Five airports in central Pennsylvania and the Lehigh Valley were among the recipients of $10 million total in state investments, announced Monday by Gov. Tom Wolf, through the Aviation Transportation Assistance Program.
Overall, funds were earmarked for 12 projects at 10 airports.
“Aviation plays a vital role in keeping our state’s economy moving,” Wolf said in a release. “These investments will help Pennsylvania’s airports operate safely, expand to meet current demands, and sustain growth well into the future.”
Approved aviation projects included:
Berks County, Reading Regional/Carl A. Spaatz Field – $3 million for air operations hangar complex infrastructure to accommodate the growth of an existing airport tenant.
Cumberland County, Carlisle Airport – $524,000 for design and construction of a terminal building to further continued economic development.
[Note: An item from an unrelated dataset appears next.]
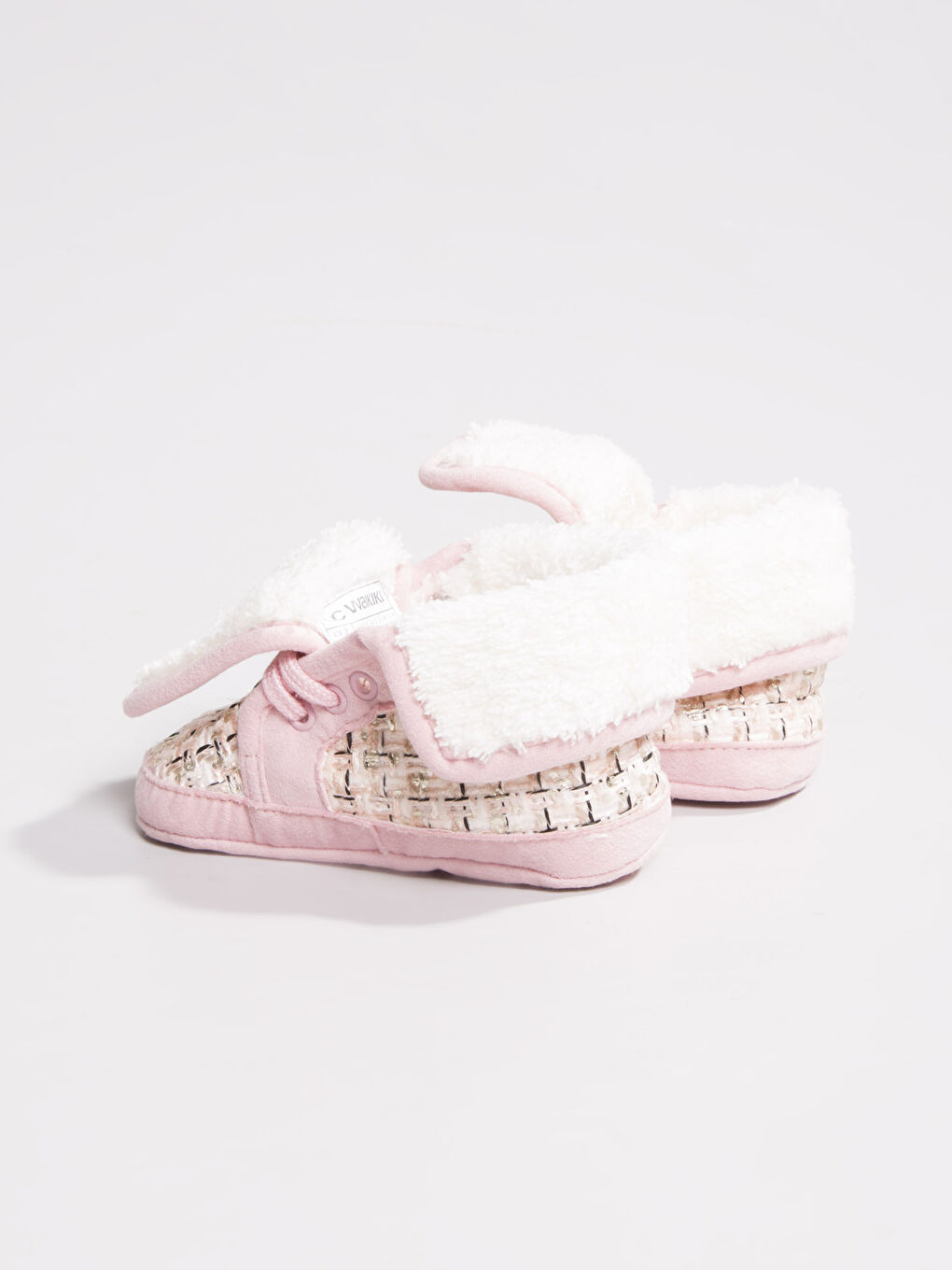 أحذية عربة أطفال وردي طفلة-2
Lancaster County, Lancaster Airport – $750,000 to complete corporate hangar infrastructure to accommodate the growth of an existing airport tenant and provide space for a new operation relocating there.
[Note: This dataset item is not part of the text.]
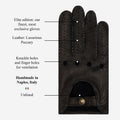 Raffaella (black) – Luxurious Italian peccary driving gloves 10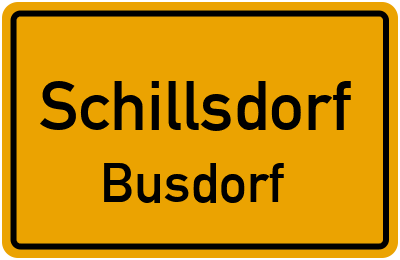 Straßenverzeichnis Schillsdorf Busdorf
Lehigh County, Lehigh Valley International Airport – $1.76 million to continue terminal connector and security checkpoint expansion and to enhance terminal commercial development connectivity.
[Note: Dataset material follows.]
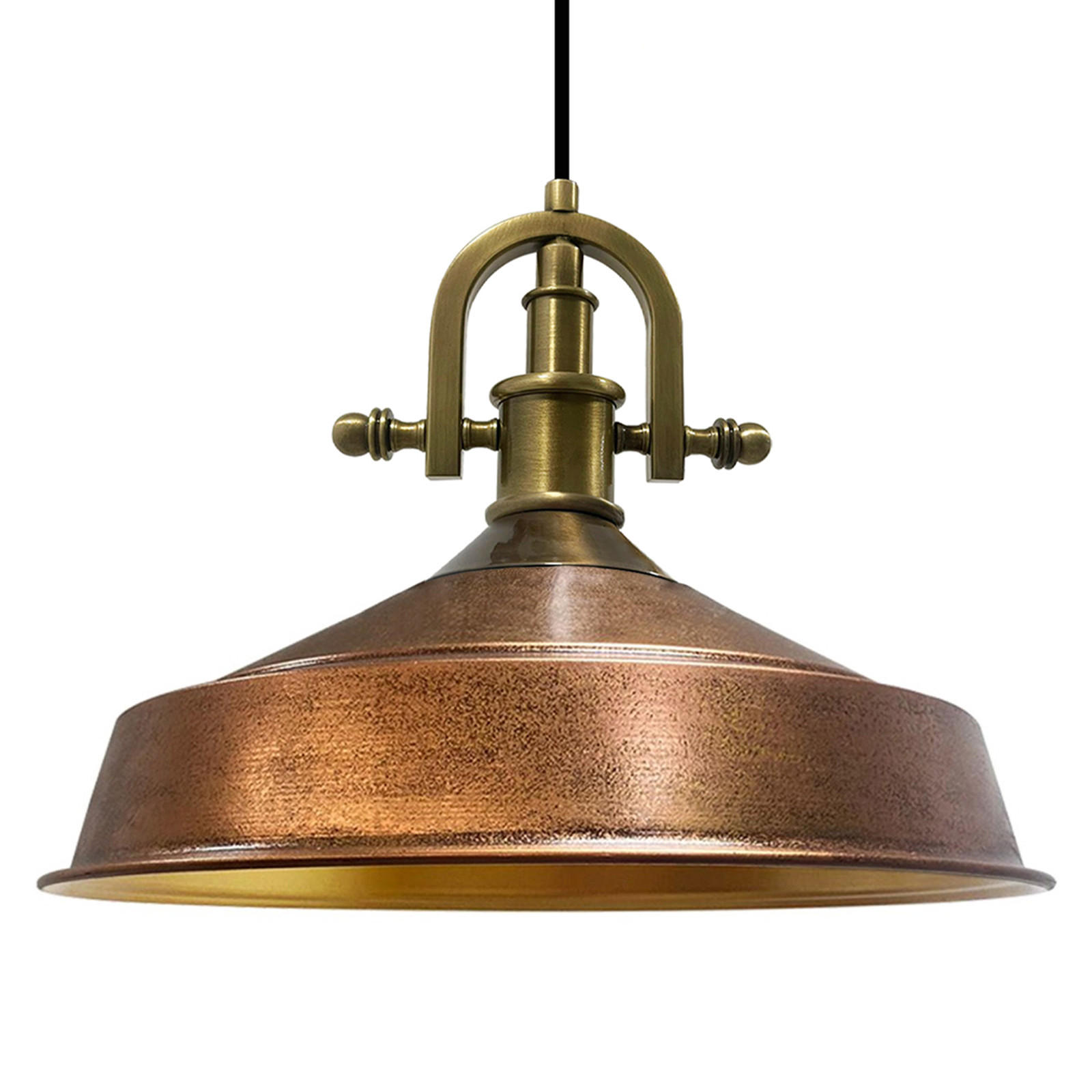 PENDELLEUCHTE Asletl-Marine - Kupferfarben, Metall (41/41/28cm) - Bamyum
York County, Capital City Airport – $150,000 for rehabilitation of airfield hangar roofs and structural reinforcement to repair rusted sheeting.
Lancaster Airport and its director received awards from the Northeast Chapter of the American Association of Airport Executives during its annual meeting in Hershey last week.
The airport was recognized as the Best Non-Aeronautical Business Development and Ed Foster, director, was awarded Airport Executive of the Year.
The Best Non-Aeronautical Business Development award is presented to an airport sponsor that makes a significant contribution to the betterment of their airport facility through unique, non-aeronautical business development efforts, a statement from the airport said.
Lancaster Airport showcased its improved economic viability through varied methods of revenue generation, unique financing and business community engagement, the statement said. The airport has been very creative in repurposing land that is not developable for aviation growth which allows an uninterrupted stream of revenue to continue regardless of aviation business trends.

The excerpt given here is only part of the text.